From the first line to the last, print the data exactly.

**Information supplied**:
—————

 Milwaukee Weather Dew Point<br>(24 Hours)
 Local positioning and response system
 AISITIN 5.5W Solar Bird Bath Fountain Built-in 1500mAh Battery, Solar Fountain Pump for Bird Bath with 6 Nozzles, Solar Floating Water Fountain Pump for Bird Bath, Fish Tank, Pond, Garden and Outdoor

—————

**Answer box**:
 Milwaukee Weather Dew Point<br>(24 Hours)
 Local positioning and response system
 AISITIN 5.5W Solar Bird Bath Fountain Built-in 1500mAh Battery, Solar Fountain Pump for Bird Bath with 6 Nozzles, Solar Floating Water Fountain Pump for Bird Bath, Fish Tank, Pond, Garden and Outdoor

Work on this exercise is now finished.